Uiterlijke kenmerken

De varkenskikker is een wat grotere soort en bereikt een lichaamslengte van 8,3 tot 14 centimeter. De mannetjes blijven gemiddeld kleiner dan vrouwtjes. Het grootste exemplaar dat is aangetroffen was 16,2 cm lang.[4]

De kleur van deze kikker is zo variabel dat deze niet te beschrijven valt; zowel donkergroene egale exemplaren als heldergroene tot bruine met juist een luipaard- of vlekkentekening komen voor. De soort is dan ook voornamelijk aan bepaalde lichaamskenmerken te herkennen;

  • de twee voor Rana-soorten bijna onmiskenbare huidplooien of dorsolaterale lijsten aan weerszijden van de rug ontbreken;
  • de kop is smal en erg spits;
  • het trommelvlies (tympanum) is relatief zeer groot; bijna zo groot als het oog;
  • de buik en onderzijde van de poten zijn geelwit en heeft een grijze vlekkentekening onder de dijen;
  • de achterpoten hebben grote zwemvliezen tot aan de punten van de tenen. Deze laatste eigenschap verschilt van andere kikkers die in hetzelfde gebied voorkomen.[4]

Verspreiding en habitat

De varkenskikker komt endemisch voor in het uiterste zuidoosten van de Verenigde Staten.[5] De kikker leeft in de staten South Carolina tot oostelijk Texas, en alleen in een smalle strook van ongeveer 50 tot 100 kilometer langs de kust en in de gehele staat Florida.

De varkenskikker is alleen 's nachts actief en rust overdag. De kikker heeft een voorkeur voor grotere, diepere wateren zoals meren, rivierarmen en grotere plassen. Er is een voorkeur voor veel drijfplanten want dat is een goede uitvalsbasis.

Levenswijze

De paartijd loopt van april tot augustus. De lokroep van de mannetjes bestaat uit een knorrend, varkensachtig gegrom waaraan ze de naam te danken hebben. Het is voor een kikker een complex geluid en om dit te produceren heeft deze soort een meervoudige kwaakblaas; deze is in tegenstelling tot veel andere kikkers inwendig. De kwaakblaas ziet er in opgeblazen toestand uit alsof deze uit drie delen bestaat.

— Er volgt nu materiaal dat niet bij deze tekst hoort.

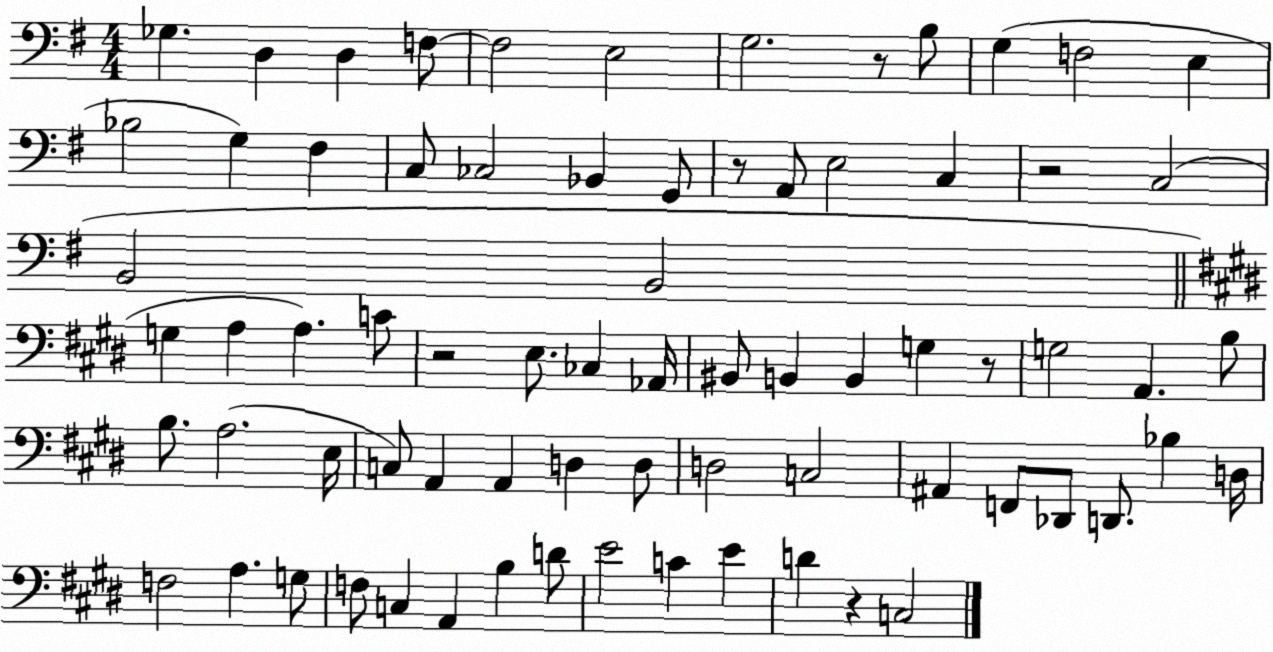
X:1
T:Untitled
M:4/4
L:1/4
K:G
_G, D, D, F,/2 F,2 E,2 G,2 z/2 B,/2 G, F,2 E, _B,2 G, ^F, C,/2 _C,2 _B,, G,,/2 z/2 A,,/2 E,2 C, z2 C,2 B,,2 B,,2 G, A, A, C/2 z2 E,/2 _C, _A,,/4 ^B,,/2 B,, B,, G, z/2 G,2 A,, B,/2 B,/2 A,2 E,/4 C,/2 A,, A,, D, D,/2 D,2 C,2 ^A,, F,,/2 _D,,/2 D,,/2 _B, D,/4 F,2 A, G,/2 F,/2 C, A,, B, D/2 E2 C E D z C,2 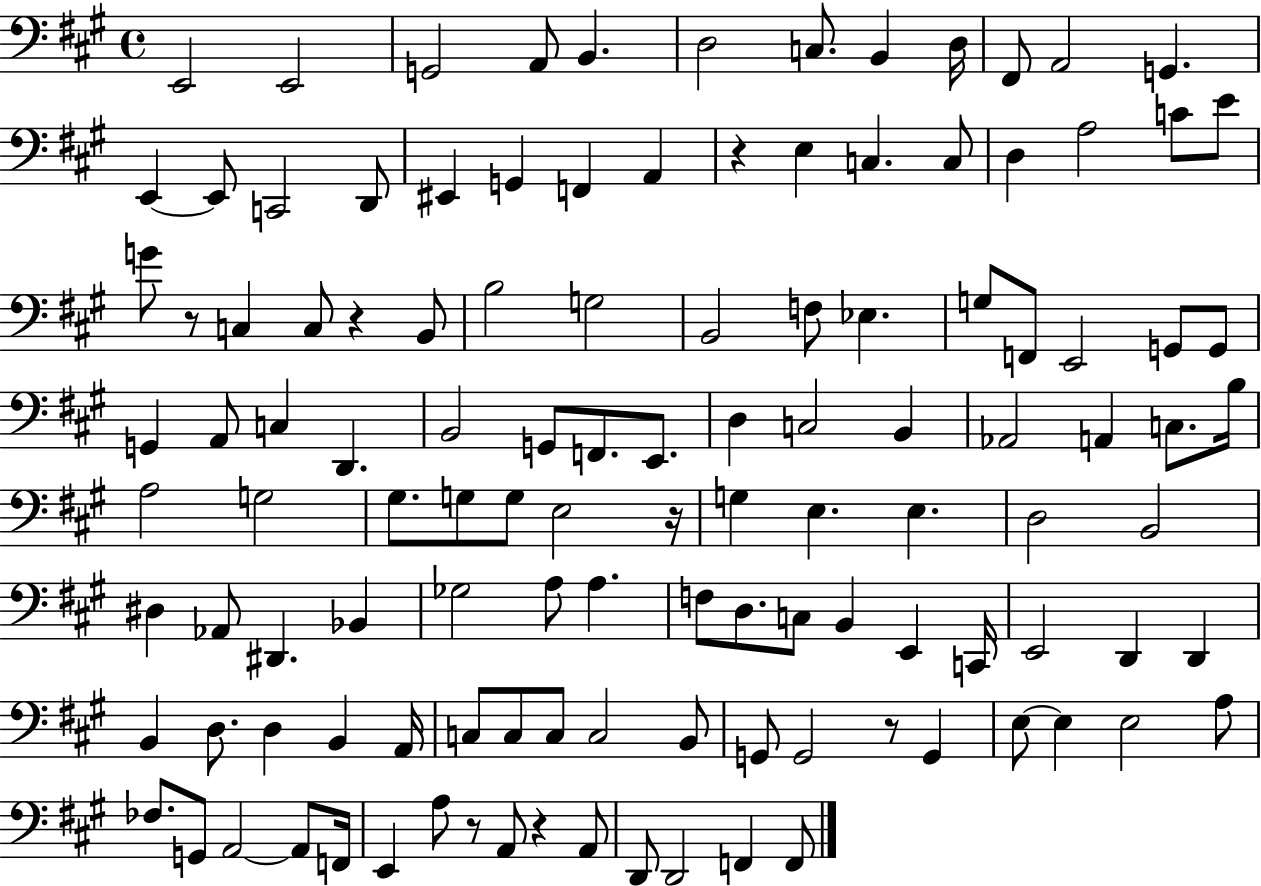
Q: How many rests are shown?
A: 7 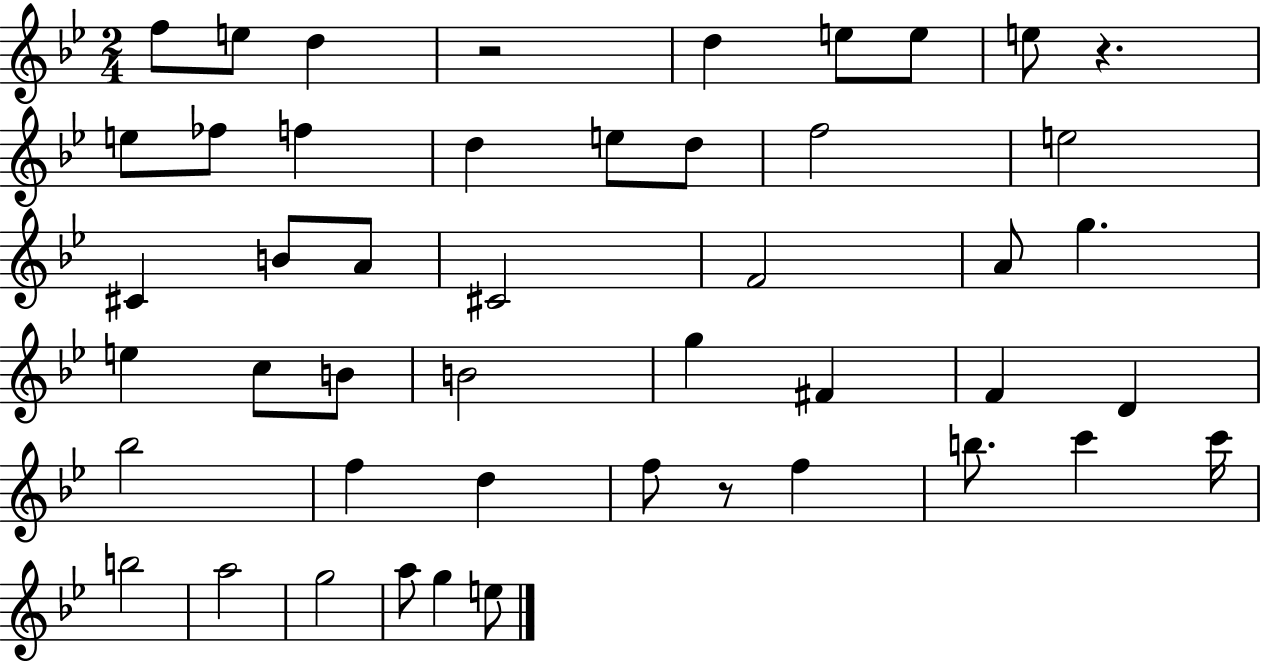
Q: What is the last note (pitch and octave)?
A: E5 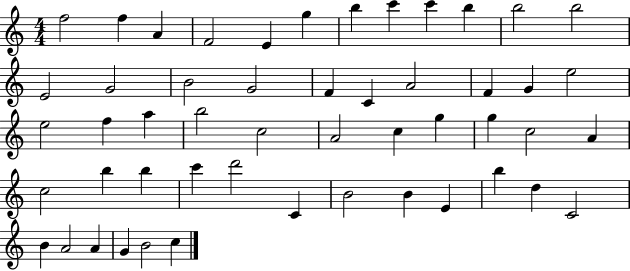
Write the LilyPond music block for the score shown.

{
  \clef treble
  \numericTimeSignature
  \time 4/4
  \key c \major
  f''2 f''4 a'4 | f'2 e'4 g''4 | b''4 c'''4 c'''4 b''4 | b''2 b''2 | \break e'2 g'2 | b'2 g'2 | f'4 c'4 a'2 | f'4 g'4 e''2 | \break e''2 f''4 a''4 | b''2 c''2 | a'2 c''4 g''4 | g''4 c''2 a'4 | \break c''2 b''4 b''4 | c'''4 d'''2 c'4 | b'2 b'4 e'4 | b''4 d''4 c'2 | \break b'4 a'2 a'4 | g'4 b'2 c''4 | \bar "|."
} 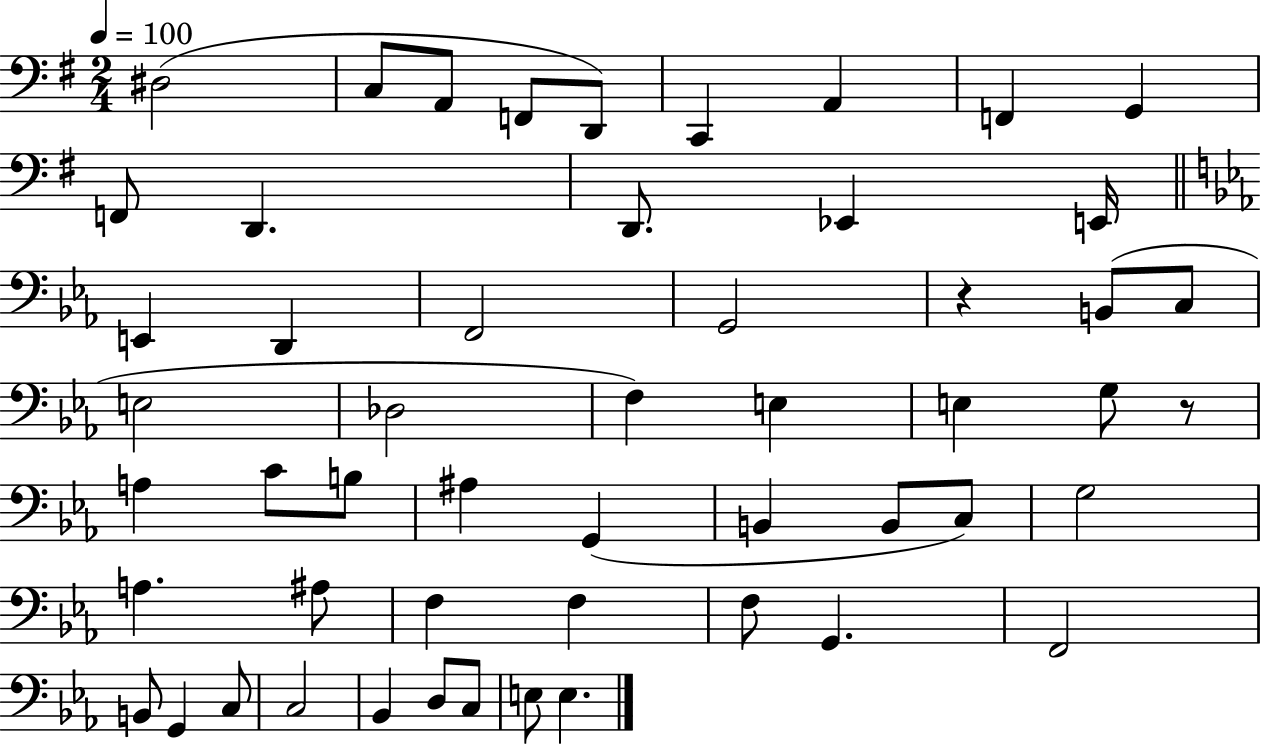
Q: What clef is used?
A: bass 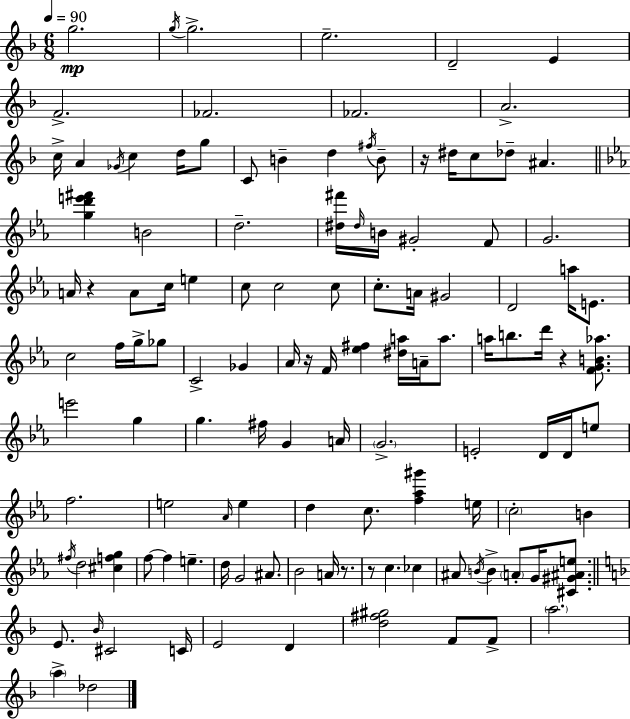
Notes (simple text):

G5/h. G5/s G5/h. E5/h. D4/h E4/q F4/h. FES4/h. FES4/h. A4/h. C5/s A4/q Gb4/s C5/q D5/s G5/e C4/e B4/q D5/q F#5/s B4/e R/s D#5/s C5/e Db5/e A#4/q. [G5,D6,E6,F#6]/q B4/h D5/h. [D#5,F#6]/s D#5/s B4/s G#4/h F4/e G4/h. A4/s R/q A4/e C5/s E5/q C5/e C5/h C5/e C5/e. A4/s G#4/h D4/h A5/s E4/e. C5/h F5/s G5/s Gb5/e C4/h Gb4/q Ab4/s R/s F4/s [Eb5,F#5]/q [D#5,A5]/s A4/s A5/e. A5/s B5/e. D6/s R/q [F4,G4,B4,Ab5]/e. E6/h G5/q G5/q. F#5/s G4/q A4/s G4/h. E4/h D4/s D4/s E5/e F5/h. E5/h Ab4/s E5/q D5/q C5/e. [F5,Ab5,G#6]/q E5/s C5/h B4/q F#5/s D5/h [C#5,F5,G5]/q F5/e F5/q E5/q. D5/s G4/h A#4/e. Bb4/h A4/s R/e. R/e C5/q. CES5/q A#4/e B4/s B4/q A4/e G4/s [C#4,G#4,A#4,E5]/e. E4/e. Bb4/s C#4/h C4/s E4/h D4/q [D5,F#5,G#5]/h F4/e F4/e A5/h. A5/q Db5/h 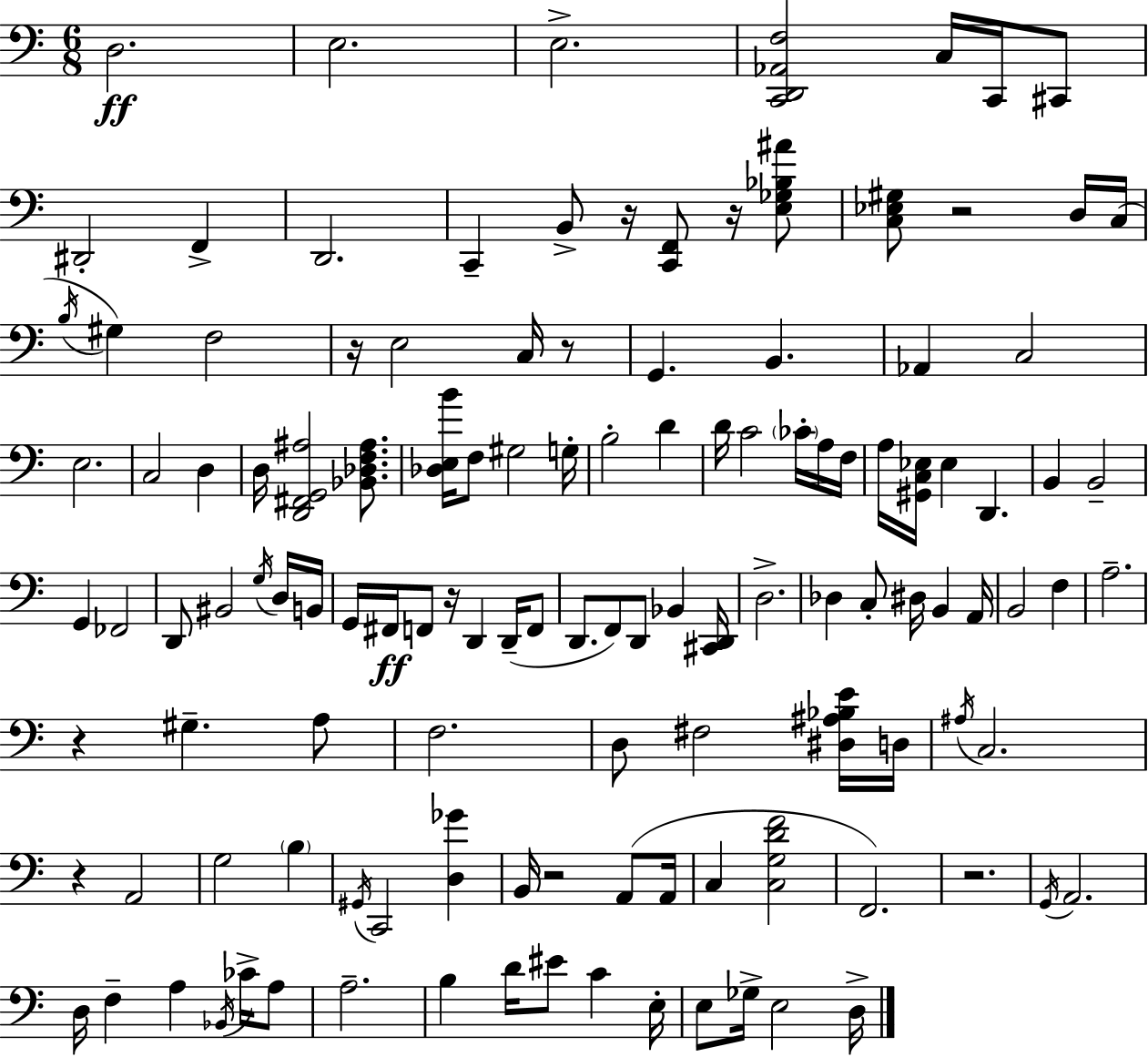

De vrouwtjes leggen tot 10.000 eitjes die een dunne laag vormen net onder het wateroppervlak en eruitzien als een opgeborrelde algenlaag. De kikkervisjes blijven een jaar onder water leven en als ze pootjes krijgen zijn ze al vijf tot zes centimeter lang.

Het voedsel bestaat voornamelijk uit kleine kreeftachtigen, maar ook wat grotere prooien worden gegeten. Voorbeelden zijn kleine visjes, andere kikkers en kleine slangen.